Italy Slowly Becoming Greece 2.0

It looks like Europe has finally drawn a line in the sand for bailouts. Just on the other side of that line is Italy.

According to Reuters, Europe has no plans at this time to rescue Italy, despite the fact that Italy's debt costs have risen above the level where they could reasonably be expected to pay them. Some economists have warned that Italy could default on their loans if some sort of restructuring or lifeline is not extended.

In other words: If you think Greece is bad, you're going to love Italy going down like the Titanic.

The biggest challenge for Italy is the size of their debt and the confidence-shaken markets. It's a classic case of debt-holders panicking when they should be confident, and demanding higher interest rates when they should be negotiating better terms.

The main assistance agency in Europe for countries at this stage of trouble is the European Financial Stability Facility. The EFSF steps in to offer proactive (rather than reactive) credit lines to nations that find themselves cut off from normal credit means. In Italy's case, the sovereign debt market has taken such a hit that borrowing costs have risen to approximately 7 percent on loans. This number is not something Italy can live with.
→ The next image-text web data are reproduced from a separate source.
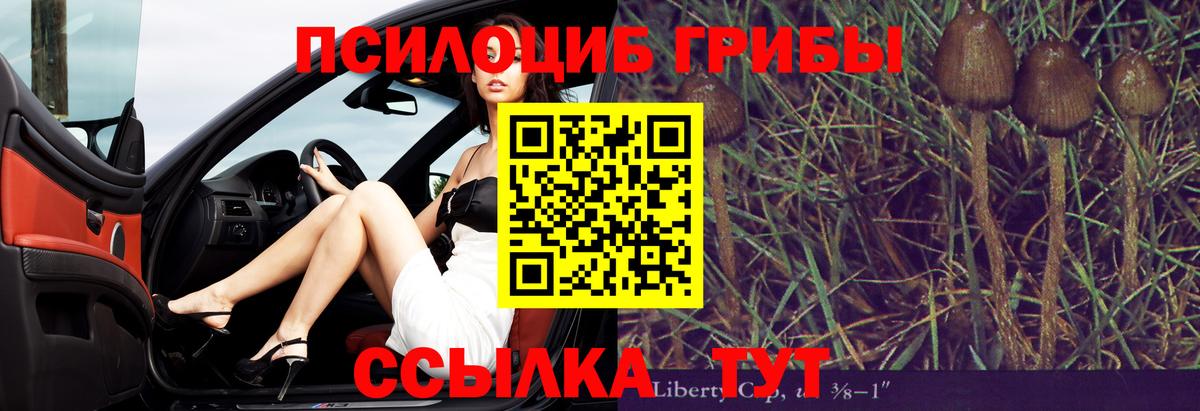Псилоцибиновые грибы ЛСД  Вход с VPN  Элиста 
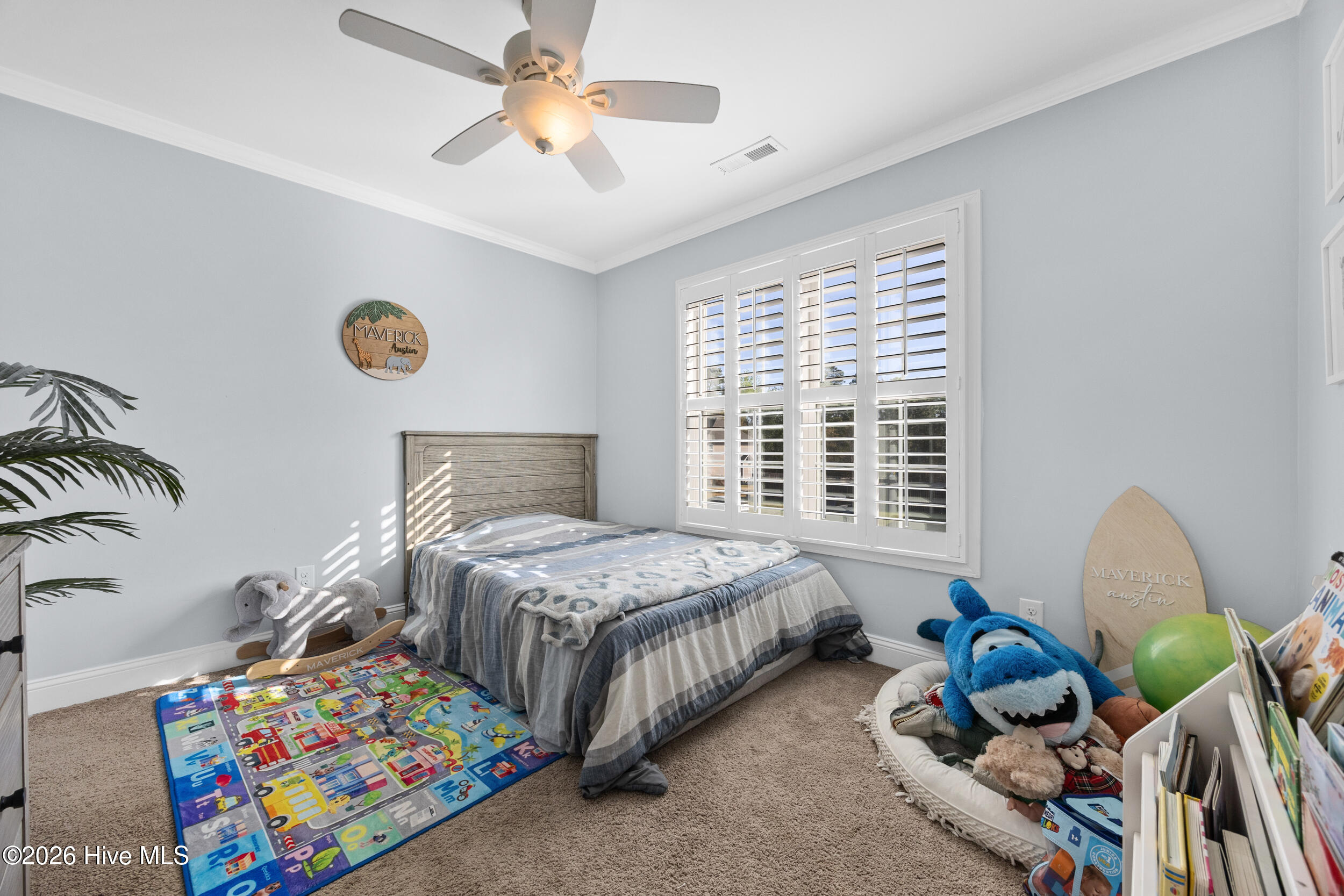 100564853 | Photo 30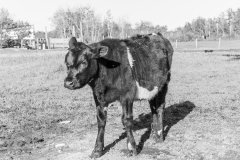 ProPhotos223-172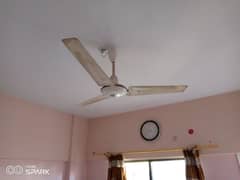 Fan s in Good Running Condition urgent sale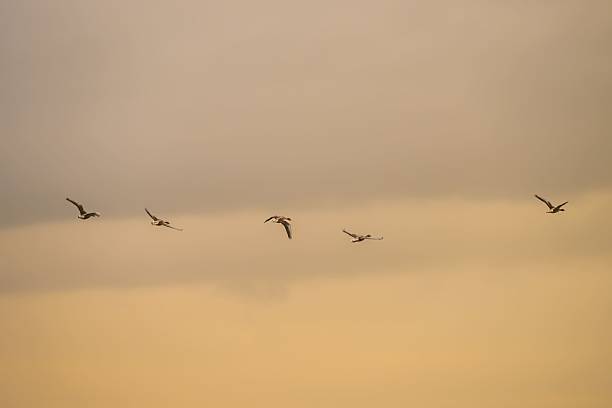istock Birds flying across a golden sunset sky 2217857881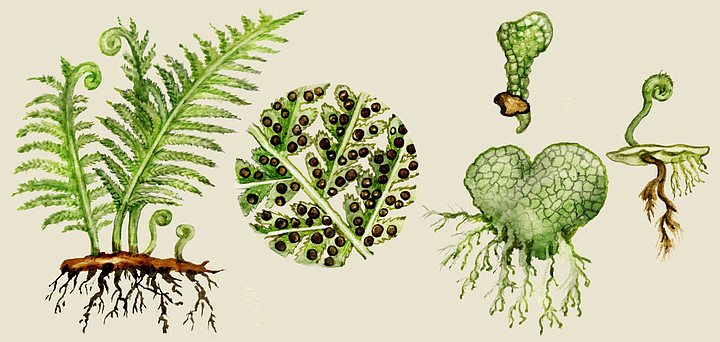 蕨类植物的生物循环图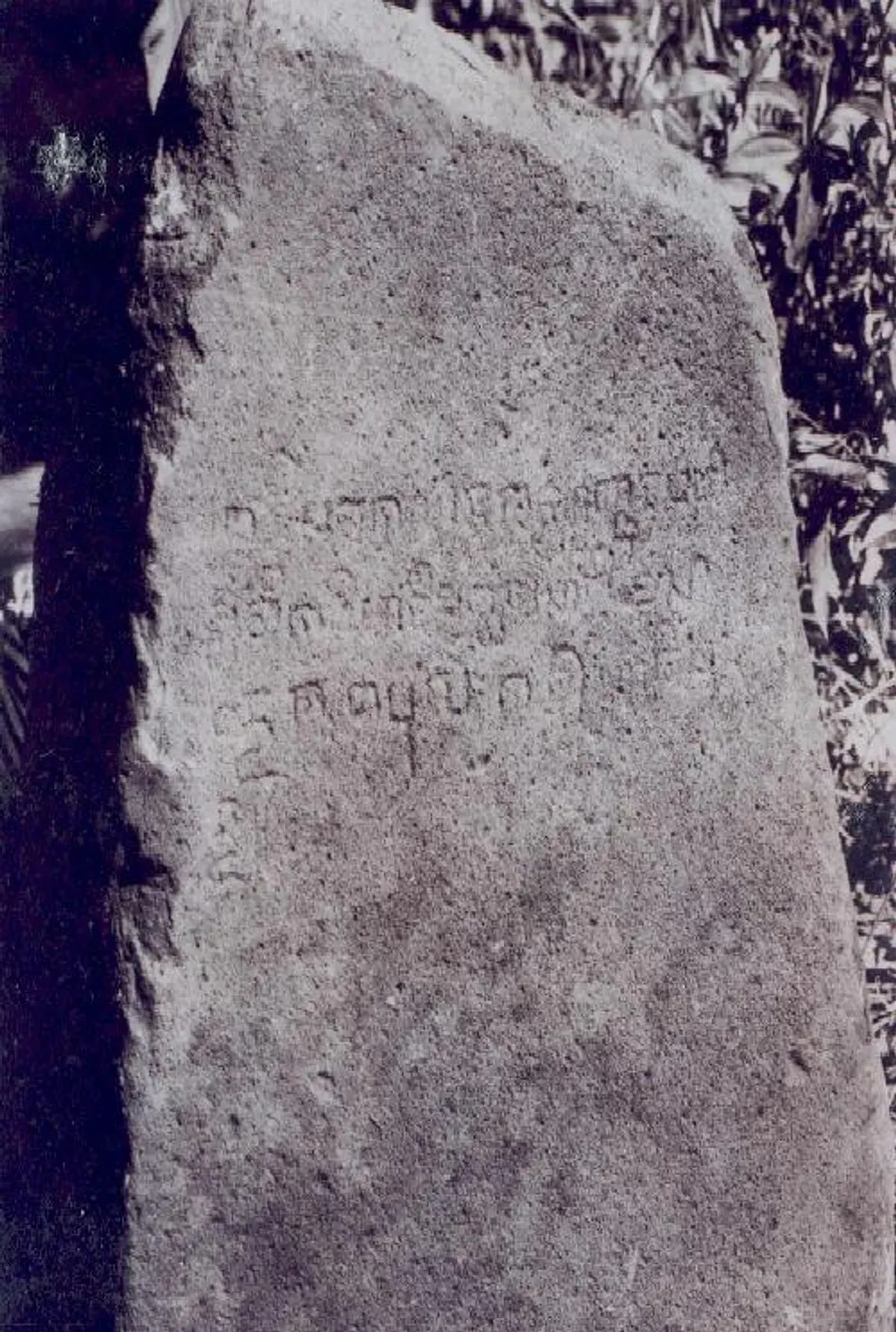 Prasasti Kebon Kopi II/Prasasti Pasir Muara. (Sumber: Leiden Library)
We have already seen Ireland and Portugal seek protection from the EFSF under similar circumstances. Unfortunately for Italy, Ireland and Portugal are much smaller economies with smaller debts. Simply put, the EFSF isn't designed for as large a failure as Italy would be, and they don't have the funds to help Italy out.

At this point, Italy has two paths forward to remain solvent. One, it can convince its creditors that it is solvent, and receive lower borrowing costs to repay their current and future obligations. This could involve some political maneuvering, which might be difficult with the Berlusconi government falling apart this week.

Two, Italy can appeal to the European Central Bank to step in, much like how the Federal Reserve might step in for the United States. The ECB could expand its balance sheet, again like the Fed does, and buy up Italian bonds. This would drive the costs down for Italy and keep the nation solvent.

As of now, there has been one round of purchases, but no definite, concrete agreement has been reached between Italy and the ECB. Hopefully, they are simply waiting for the dust to settle on the internal political situation in Italy before making a decision. Anything short of assistance from the ECB would mean one thing: Italy would be the new Greece, but larger and more damaging to world markets.